The topics of mobility and stability are widely discussed within the health and fitness world. Contrasting opinions rage to the cost and benefits of not only traditional methodologies, but to the validity of many of our new-age approaches to movement development.
With any discussion however, the fundamental starting point has to be the definition of terms. Therefore what do we mean by the terms mobility and stability?
If we choose to follow the neurodevelopmental perspective, early infancy development between 0-14 months, a key pillar of the IFT training methodology, mobility must be considered first. We are born with near limitless mobility and gain stability as we grow. This initially therefore is a discussion of joints, their capsular integrity and the capacity to enable and control movement, the “hinges on the door” if you will.
Take a watch of Physical Therapist and FMS Co-founder Gray Cook discussing the premise of “mobility first” here.
As we outlined in our introduction to the Joint-byJoint approach in Part One, the body will follow the path of least resistance to accomplish movement based on its basic survival instinct to meet task demands.
Mobile joints can therefore become increasingly stable when full ROM is not maintained and explored often. In turn, stable joints have the capacity to cease intended function and become increasingly mobile when required to provide solutions for activity where a joint no longer meets its primary role of mobility.
If we review our example from Part One of the knee joint, a stable joint must still maintain its normal range of motion in addition to its primary function in stabilising for unrestricted pain-free motion to occur, mobile joints must obey a similar construct. Joints could therefore be considered to have both a primary and secondary function when looked at in three planes of motion.
Interestingly however, renowned Physical Therapist Shirley Sahrmann often notes that “the real problems lie in what moves too much”.
From a practical standpoint, this is easy to appreciate within professions and practices such as Yoga, Dance and Gymnastics, in which the requirement for high level performance is often to obtain extremes in both muscular flexibility and joint mobility to achieve ever more complex positions and patterns of movement.
I’ve been fortunate enough within my own experiences to spend time with individuals immersed in the traditional movement practice of Yoga. Teachers and students alike, some of which enlighten others through the more holistic path, and others that teach from the more strength-orientated, hand-balancing and Gymnastic approach. Yet one thing remains throughout those within the practices, a underpinning display of exceptional muscular flexibility and joint mobility.

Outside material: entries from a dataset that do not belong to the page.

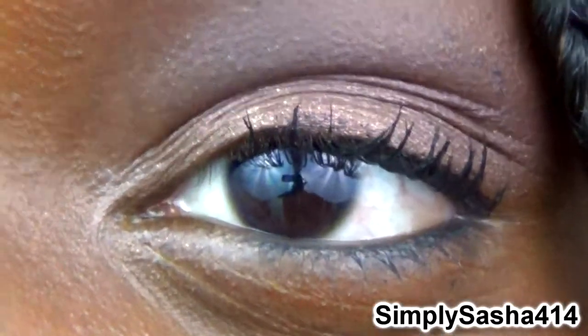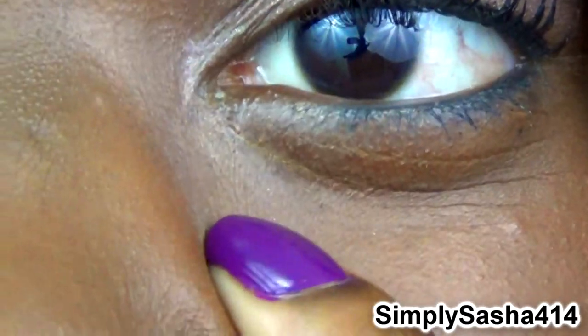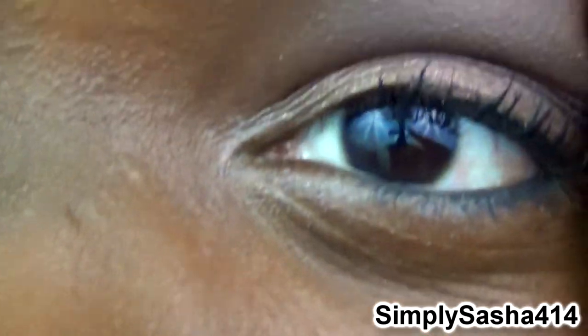The only problem I had with this concealer is that it creased up on me without a primer, and even when I did use a primer it still started to crease. I had to quickly set it. You can see it settled into my lines just a little right here — I use it all under my eyes but it did go into my lines a bit on both sides.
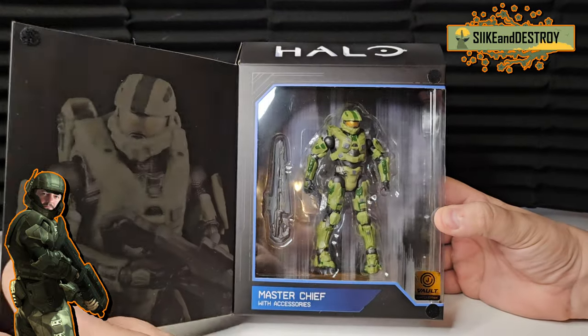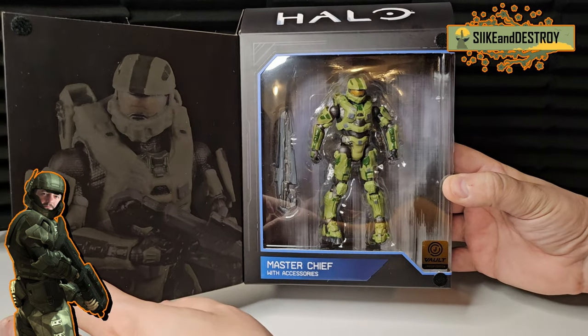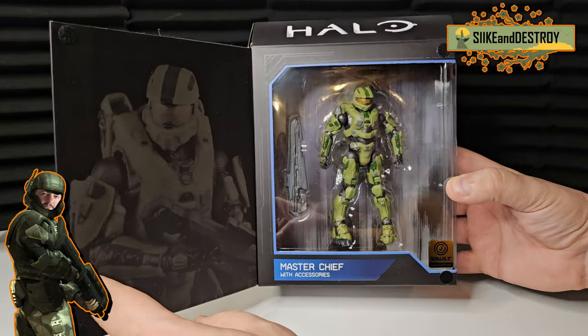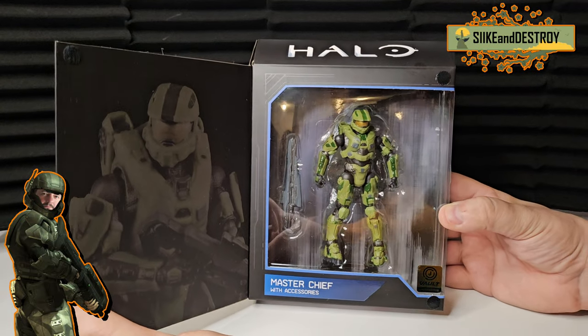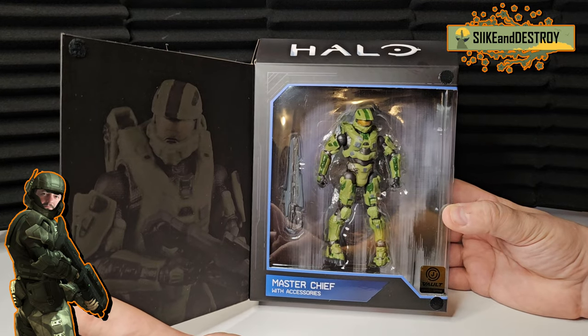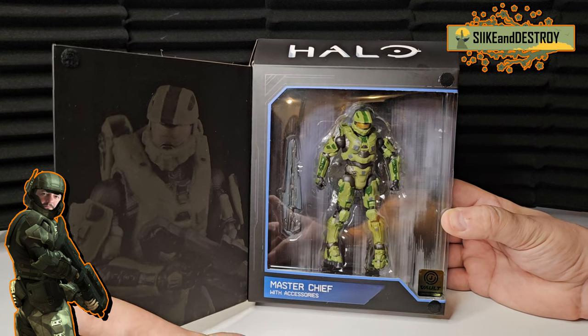And there he is in all his Halo 4 glory. Check that out — that is awesome. We're going to open this guy and check out the details even closer, but this packaging, this box, everything is really, really cool. I like that it was a box within a box and then another box — kind of like Russian nesting dolls in a way, but neat.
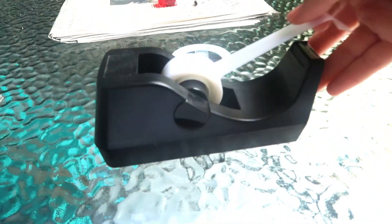The first thing you're going to want to do is take your first sheet of paper that has already been cut and tape it to the table. Make sure that it is taped down nice and secure at the top as well as the bottom, and there you have it.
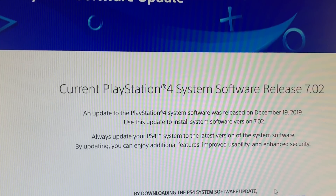Hey everyone, so a lot of you reached out to me letting me know that you guys had trouble with your PS4 when it tried to update to the latest update, either 7.00 or 7.02. This update caused a lot of problems for PS4 users.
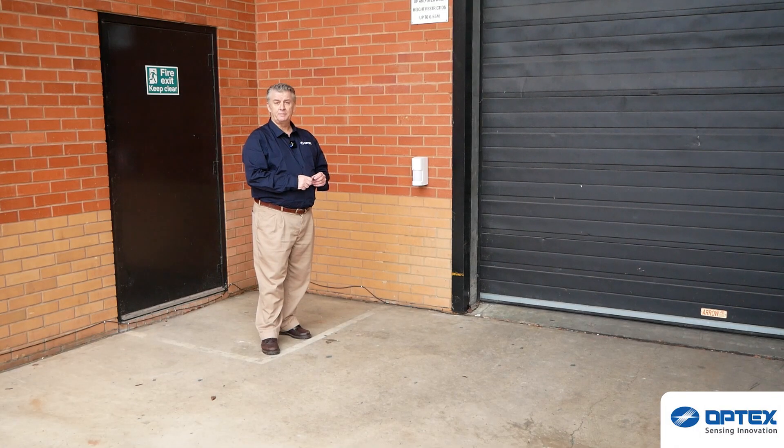Very simple installation of the WX series — and back to Mr. Oakley. Thank you very much, Mr. Clark. Just goes to show how easy these are to set up and install. And remember the message we're consistently giving you: protect from the outside in, not the inside out. That's the message.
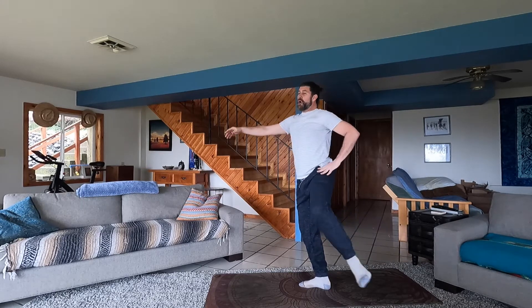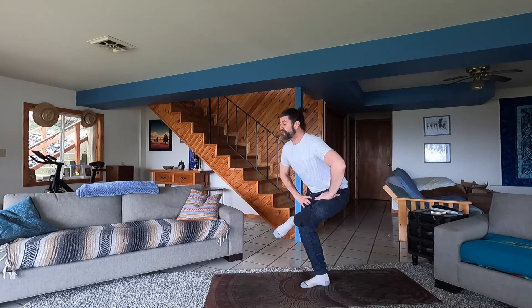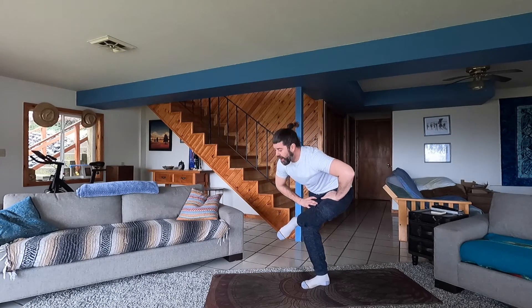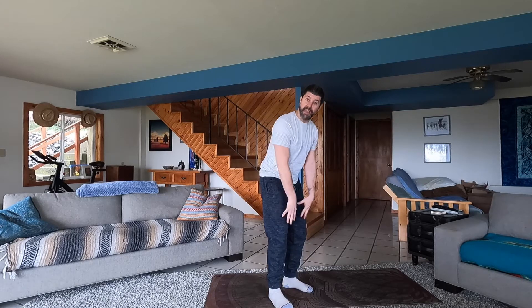Cross that leg over if you can, bring it down into your figure four stretch — oh, that feels so good. Get on the ground, maybe do a butterfly, shake it out. Always give a shimmy — shimmying makes everything better in life! I hope you got a good little workout targeted on those glutes and that lower body. Lots more for you to come, so keep coming back to this channel.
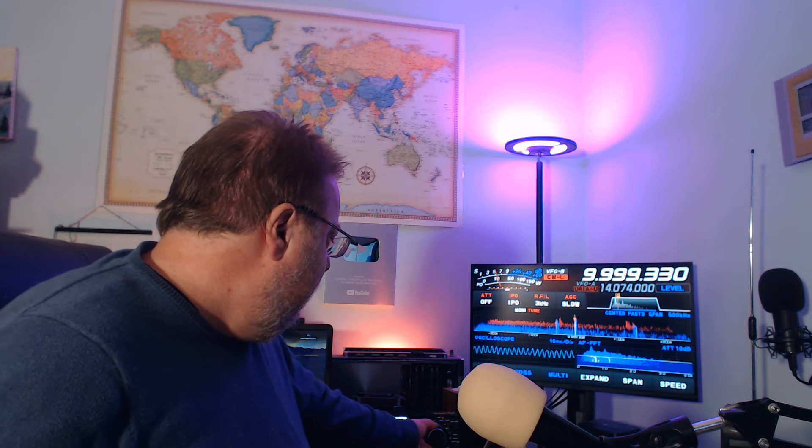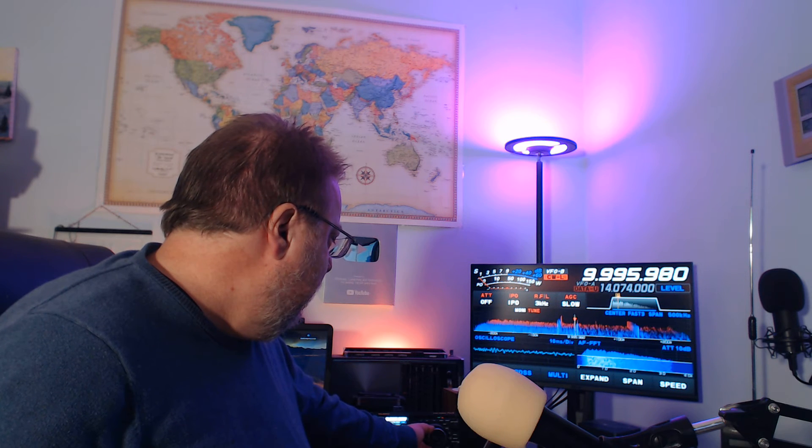Definitely hearing Hawaii on 10 quite well. I'm going to go to CW low. Not receiving the RWM time signal at this time on 9996. Sometimes it does come in — depends on propagation, of course.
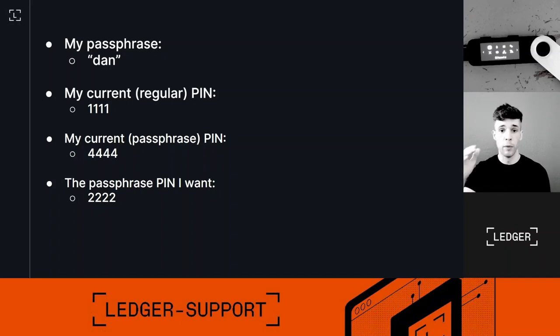Now I want to change my passphrase PIN from 4-4-4-4 to 2-2-2-2. How do I do it? The answer is very simple — it's basically the same steps you did to set up your passphrase in the first place. The steps to set up your passphrase, change your passphrase PIN, and restore your passphrase accounts are always the same flow, which is a little confusing for some users. That's why we don't recommend new users to use a passphrase — you need some experience with the normal device first.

Clearly across these disciplines of Gymnastics, Dance and Yoga, a core skill set is shared. Of which a movement such as the Front Splits is a clear recognisable example, an impressive feat that requires dedication and long-term commitment to enable full execution.
In our Front Splits example, when we consider the normal ROM values at the hip joint, approximately 110-130 degrees of flexion, 10-15 degrees of extension, to perform the Front Splits we would need to far exceed this hip extension range to achieve the 180 degree position required.

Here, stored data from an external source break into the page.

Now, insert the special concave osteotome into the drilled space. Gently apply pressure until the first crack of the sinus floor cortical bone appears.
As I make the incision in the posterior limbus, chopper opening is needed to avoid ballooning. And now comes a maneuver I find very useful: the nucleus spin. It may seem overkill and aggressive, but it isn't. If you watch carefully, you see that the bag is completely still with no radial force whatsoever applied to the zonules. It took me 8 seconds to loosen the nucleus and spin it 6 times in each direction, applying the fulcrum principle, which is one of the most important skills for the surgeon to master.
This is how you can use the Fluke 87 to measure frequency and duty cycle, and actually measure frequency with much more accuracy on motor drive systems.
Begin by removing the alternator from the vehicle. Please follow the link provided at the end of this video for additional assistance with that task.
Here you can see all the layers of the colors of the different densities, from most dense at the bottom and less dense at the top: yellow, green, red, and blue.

To achieve this skill we would therefore have to create some level of pathology, “structural and functional deviations from normal”, in hamstring length (flexibility) on the lead leg, as well as creating laxity as the anterior hip capsule (mobility) in the trail leg, as we push the joint and surrounding tissue beyond its structural integrity to obtain the required leg separation needed to perform this movement.
Though clearly obeying the requirement for mobility at a mobile joint, this example fails to maintain a principle requirement of the surrounding tissues, the hamstring muscle group and anterior hip capsule functioning to provide stability to the pelvis. We’ve lost basic function in search of another more extreme, we no longer have the stability we need.

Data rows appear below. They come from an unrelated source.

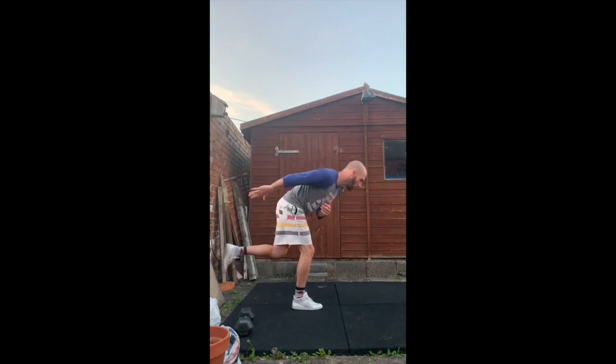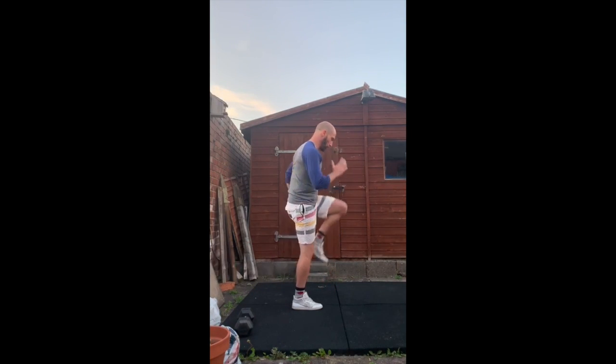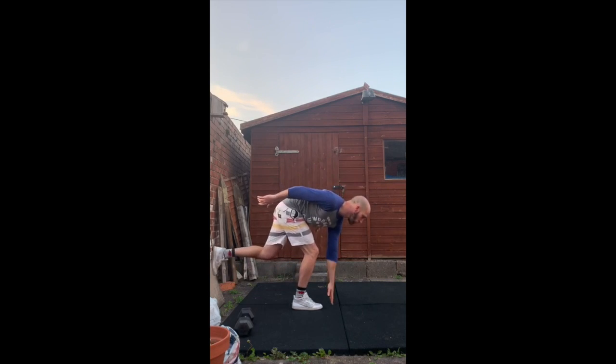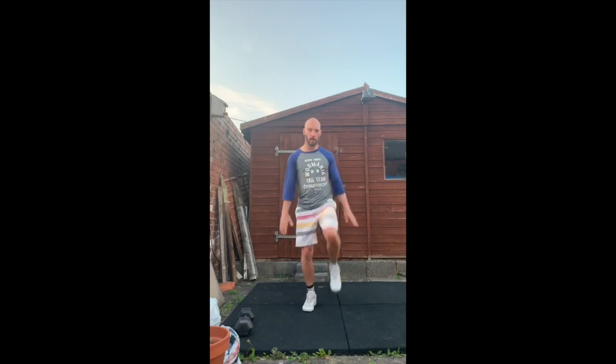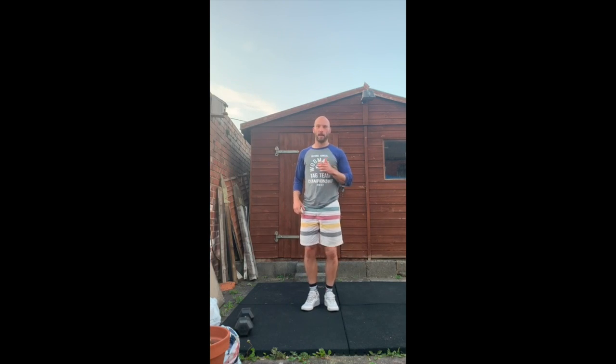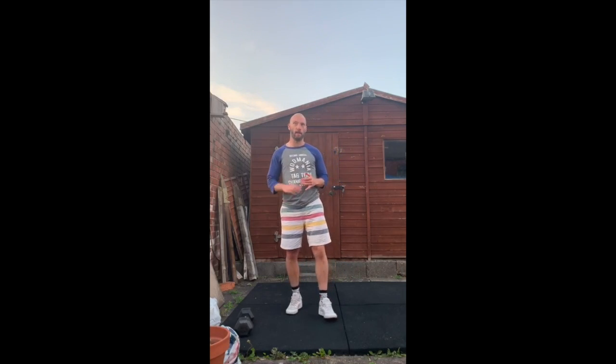Once we've done that, I want you to practice a couple of things you're going to be doing a little bit later as well. We've got our RDLs to do — I'm going to touch the floor — somewhere between five and ten repetitions on each side. Then I just want you to get used to going into a faster movement, driving the knee up on the spot to get ready for the sprint. Looking for about 10 on each side.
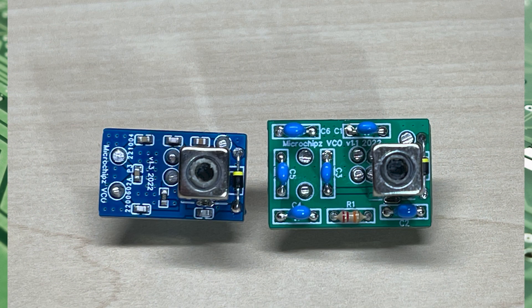Hello and welcome to this episode of Microchips. In this episode we are looking at the new and exciting boards we have for 2023 — some new VCOs and some new PLL replacement boards, so let's get started.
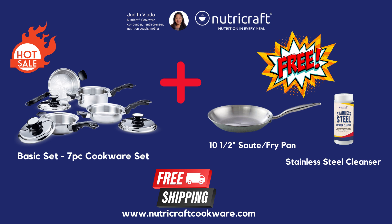Click the link to order now: https://bit.ly/3tw4amp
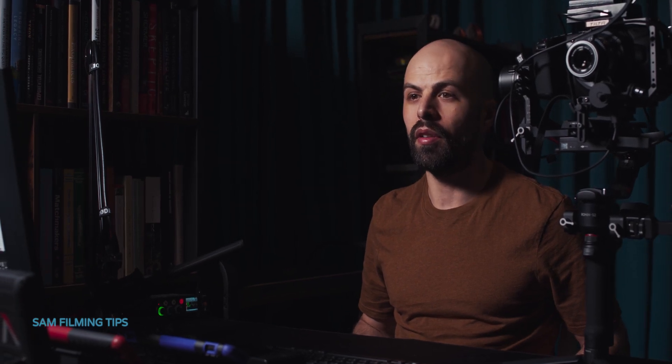Hi! In this video I'll show you how to set up a DJI RS2 Pro combo with the Blackmagic Pocket Cinema Camera 4K. You can skip directly to the relevant sections using the links below.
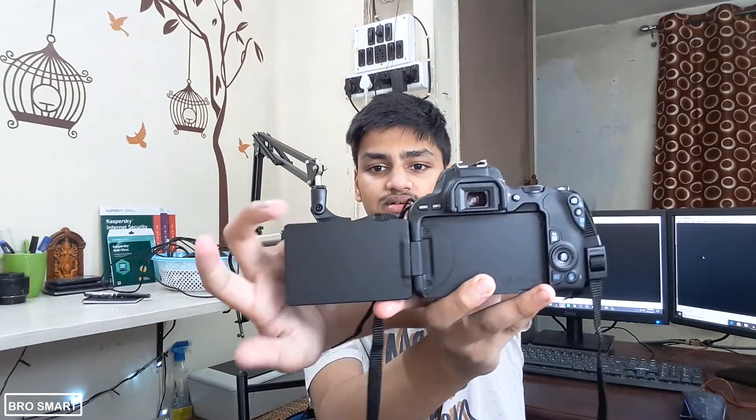I can flip the screen and vlog with it. One thing I didn't like about the 200D — which I will also mention in the review — is this recording button. If you're vlogging, it's very hard to find this small recording button.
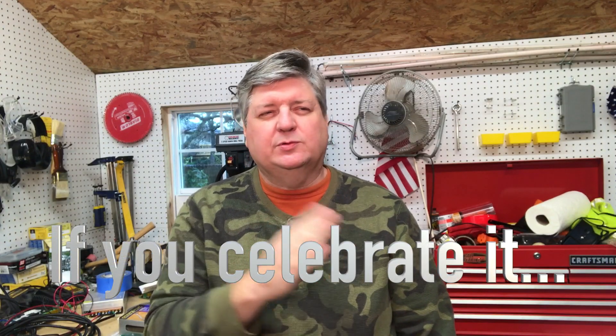Hope you had a good Thanksgiving weekend — that was right after the last video I put out. Mine was driving, turkey with everything, it was awesome, driving, sleeping, driving, driving, driving, ham, sleeping, barbecue, sleeping, driving, driving — stuffed like a tick.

As discussed during Part One, when a mobile joint becomes stable, we see degenerative changes and poor recovery as we’re forced to slow down, our bodies fighting against the daily tasks we ask of it. Equally when a stable joint becomes excessively mobile we see movement dysfunction, herniations, dislocations and subluxations, positional faults and muscle strains.
It is through our own training decisions and choices however that we compound both issues further through our search for extremes. We create our own pathology, resulting in both acute and chronic issues due to the neurological weakness we create in search of both mobility and flexibility.
Mobility at its extremes effect the capacity for stable joints to remain stable by mobile joints become too mobile at the expense of capsular integrity. The impact of widespread excessive mobility on performance is why we develop the stabilisation techniques through the neurodevelopmental perspective so early on in childhood, we need stability to function as adults in the environment we live in.
Yet stability built upon stability comes with its own issues and dysfunctions, as we shall discover in Part Three.